Quali sono le responsabilità della politica?
Enormi. Quando ho volontariamente lasciato il Parlamento, cinque anni fa, ero alla Biblioteca Nazionale di Roma. Il direttore mi ha avvicinato e mi ha detto, sconsolato: "ora non potrò più dire che c'è un solo parlamentare che frequenta la biblioteca, perché andandotene tu dalla Camera, non ce ne sarà più nessuno"... Credo di non dover aggiungere altro. Non si comprende che la più grande chance di sviluppo per l'Italia è la sua cultura, l'unica cosa che non può essere delocalizzata.
I tagli lineari hanno interessato negli ultimi anni anche i Beni culturali, ritiene ancora possibile un'inversione di tendenza?
L'inversione di tendenza dovrebbe essere la priorità, ma non mi faccio molte illusioni. La marginalizzazione progressiva della cultura e di tutta la filiera dei saperi, con i relativi tagli, del tutto criminali per il futuro del nostro Paese, non mi pare sia cambiata neppure con il cosiddetto "governo dei professori". Forse sono professori che si sono dimenticati di esserlo...
Crede che la digitalizzazione possa favorire l'occupazione, l'accesso alle fonti e la tutela stessa del patrimonio librario?
Sono un convinto sostenitore della digitalizzazione: il che non significa non amare perdutamente il manufatto libro, fisicamente inteso. Significa solo rendere la sua fruizione ben più ampia e, dunque, favorire la circolazione del sapere ed anche l'occupazione.

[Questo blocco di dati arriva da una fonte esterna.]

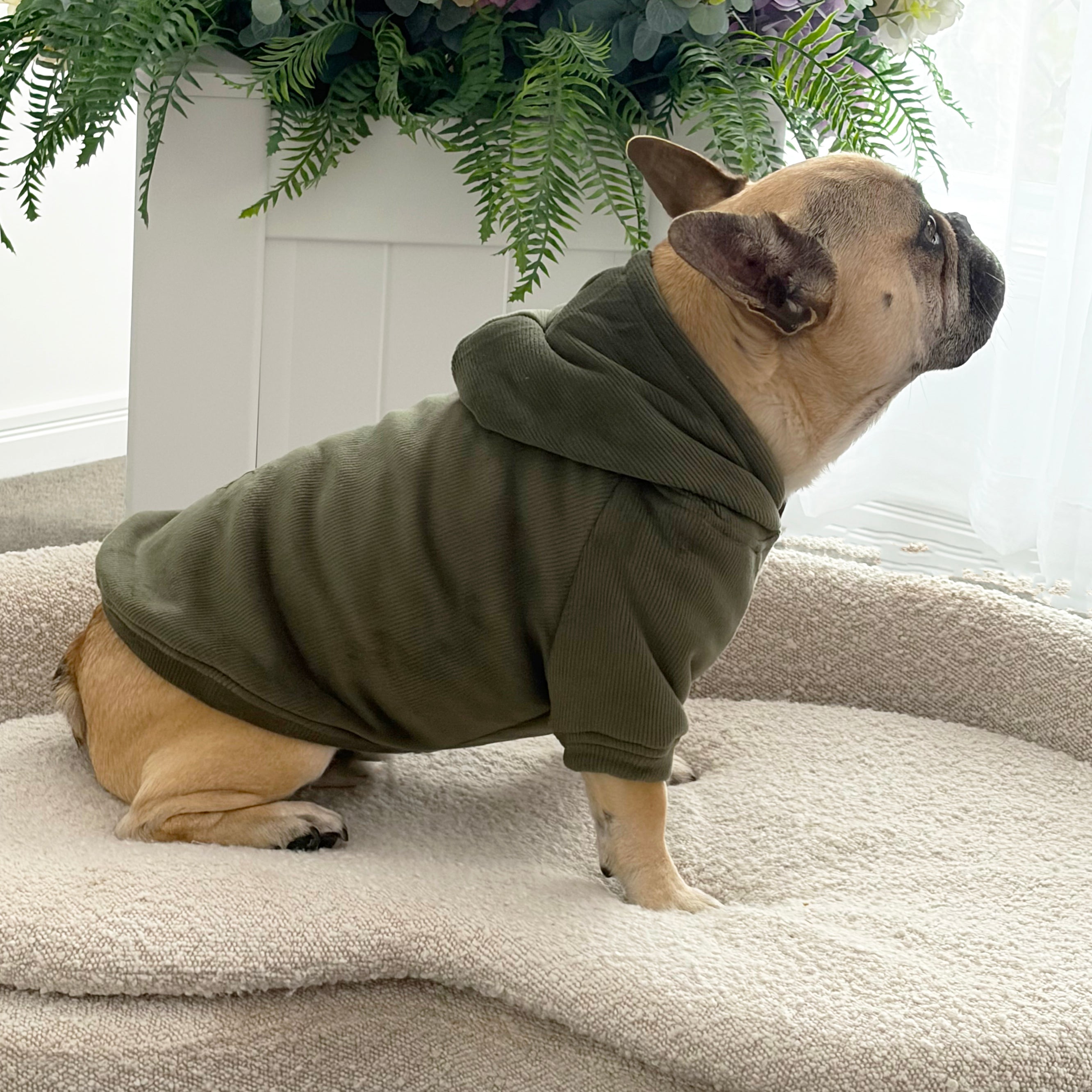 Evergreen Sherpa Lined Dog Hoodie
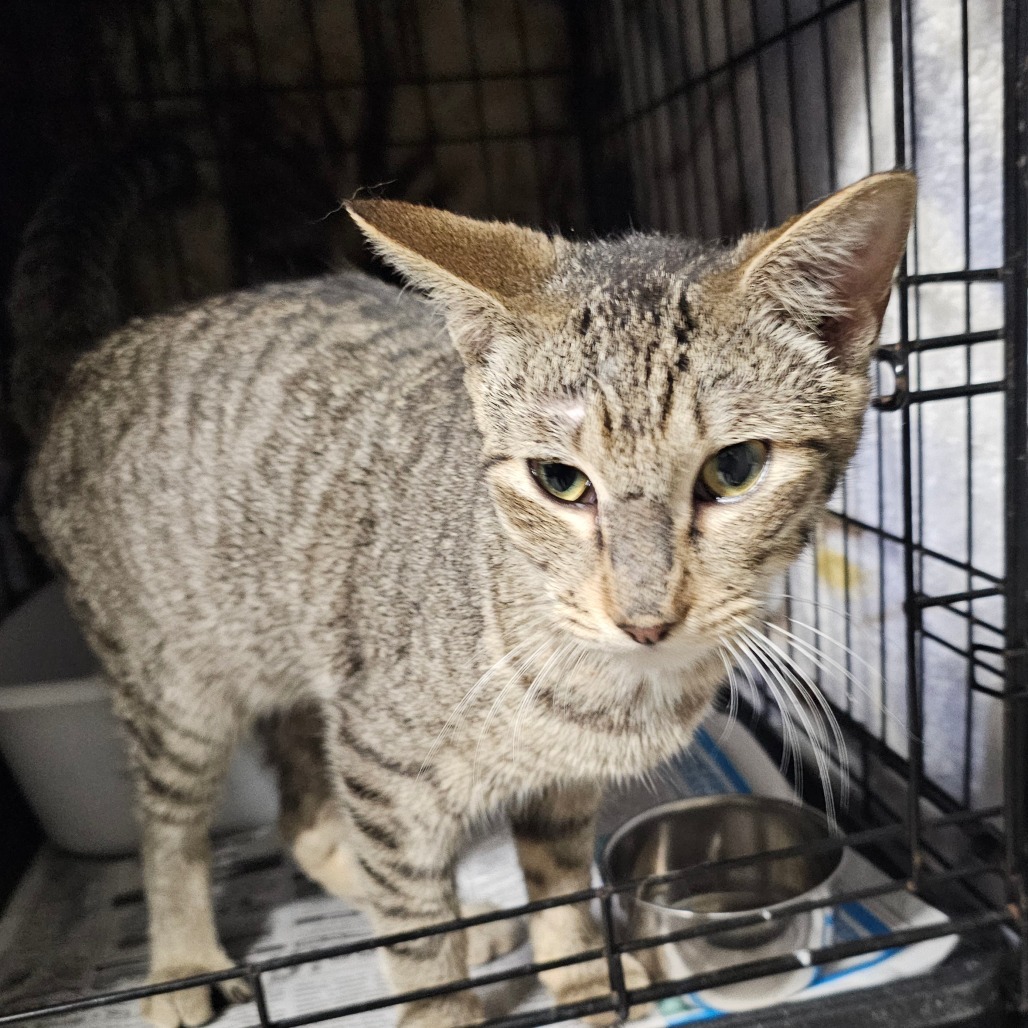 Tonito, an adoptable Domestic Short Hair in Laredo, TX, 78045 | Photo Image 4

Dalla sfera pubblica a quella privata: la sua passione per i libri nel tempo è andata affievolendosi o è rimasta inalterata?

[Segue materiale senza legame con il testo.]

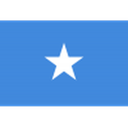 Somalia badge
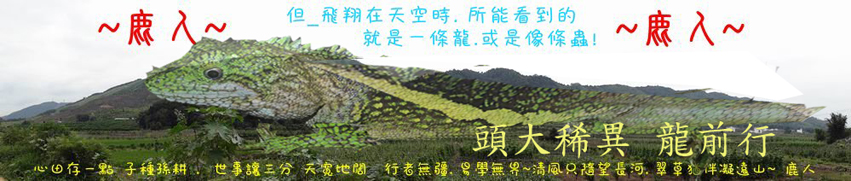 頭大稀異 龍前行.jpg
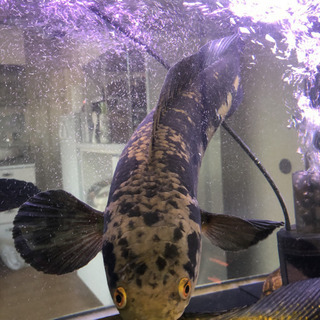 大型魚！の画像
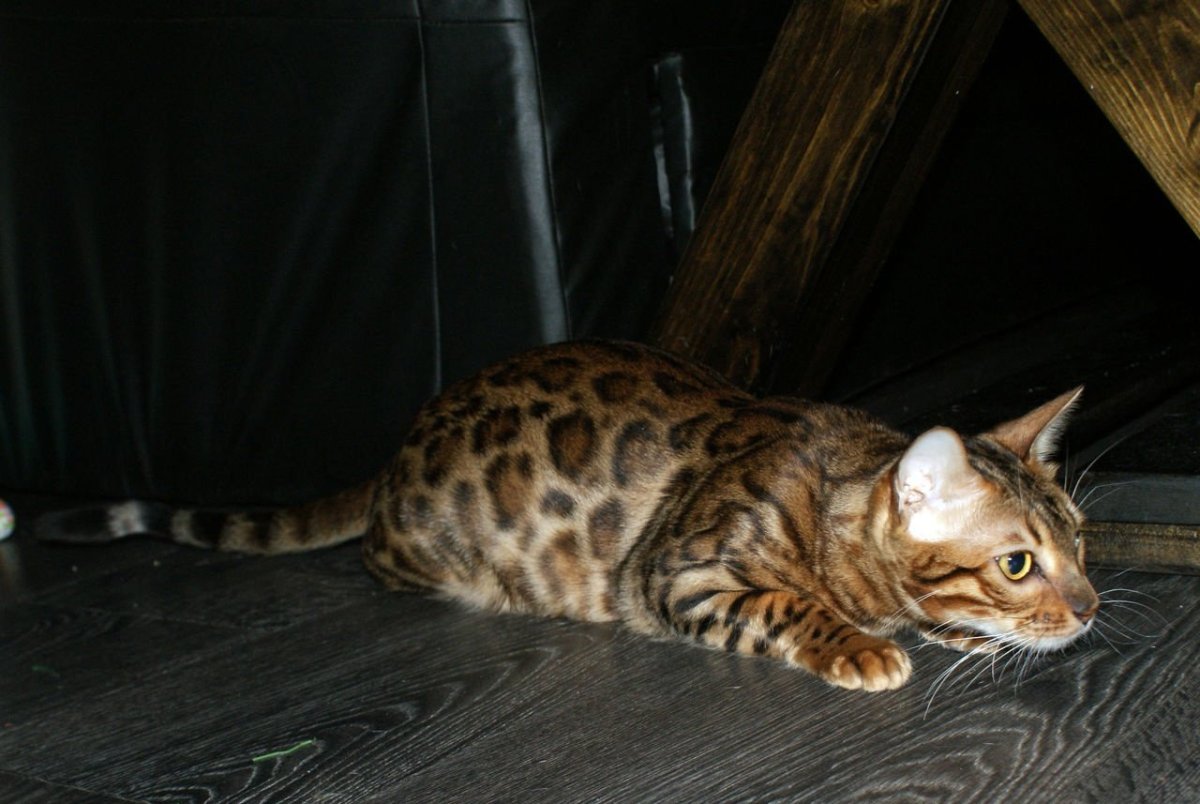 Расцветка бенгальского кота и рост.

La mia passione non può che aumentare. Come per i tossicodipendenti, le dosi devono essere sempre più massicce. Invecchiando, l'amore per i libri e la carta (le carte) in tutti i loro aspetti tende a diventare sempre più una sorta di "bibliofollia". Una specie di oasi, una sacca di resistenza civile, rispetto alla barbarie che avanza e ci circonda.

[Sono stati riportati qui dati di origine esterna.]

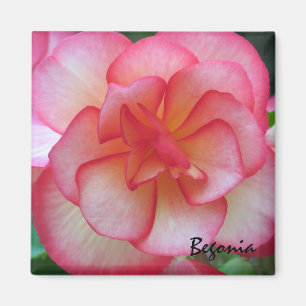 Pink and White Begonia Magnet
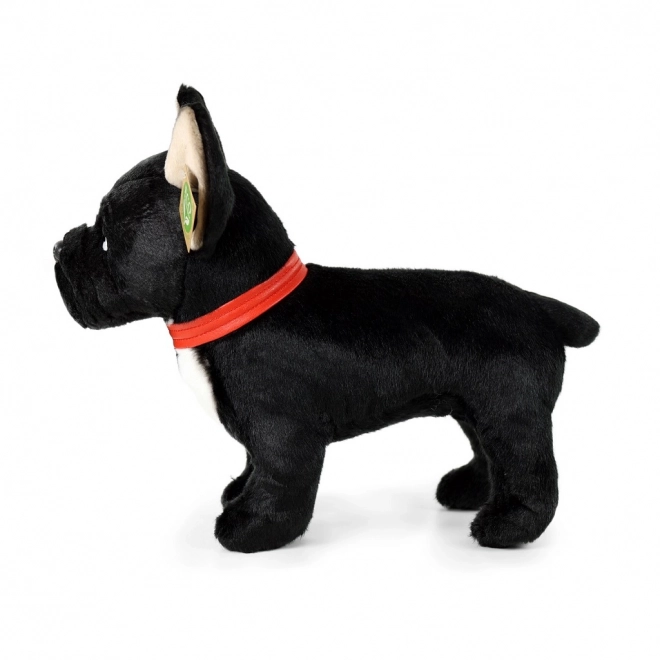 Plys fransk bulldog sort med halsbånd stående 30 cm MILJØVENLIG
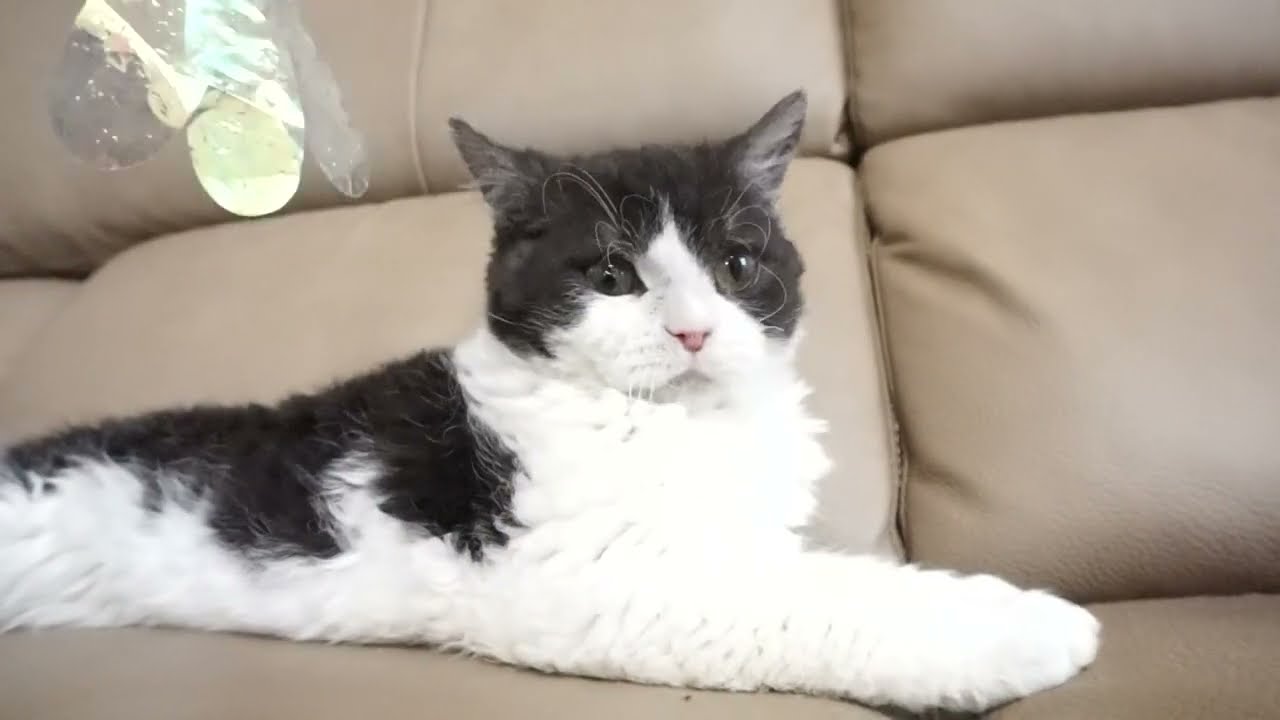 セルカークレックス子猫　2022.７.23産まれ　ブラック＆ホワイト　男の子　シーダキャット猫のお店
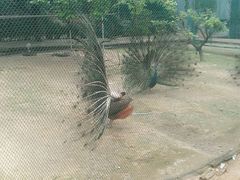 -广东花都香草世界旅游度假区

Prescindendo dalle fonti usate per lavoro, quali libri attirano ancora la sua attenzione di bibliofilo?
Adoro l'editoria del 900 (come forse si sa, posseggo l'intera collezione della vecchia Bur grigia), così come ho una significativa collezione di edizioni importanti de I promessi sposi, ad iniziare da quella di Ferrario, Milano 1827, in tre volumi. Ma la mia passione vera è - anche per ragioni lavorative - quella per la giuridica antica. Credo di avere una delle collezioni librarie antiquarie in questo settore più importanti d'Europa. Ma si tratta di volumi che costituiscono oggetto dei miei studi come storico del diritto di professione, ho scritto numerosi saggi scientifici sulla bibliografia giuridica: così, in questo caso, lavoro e passione, studio e gioco intellettuale coincidono. Un'avventura intellettuale strepitosa.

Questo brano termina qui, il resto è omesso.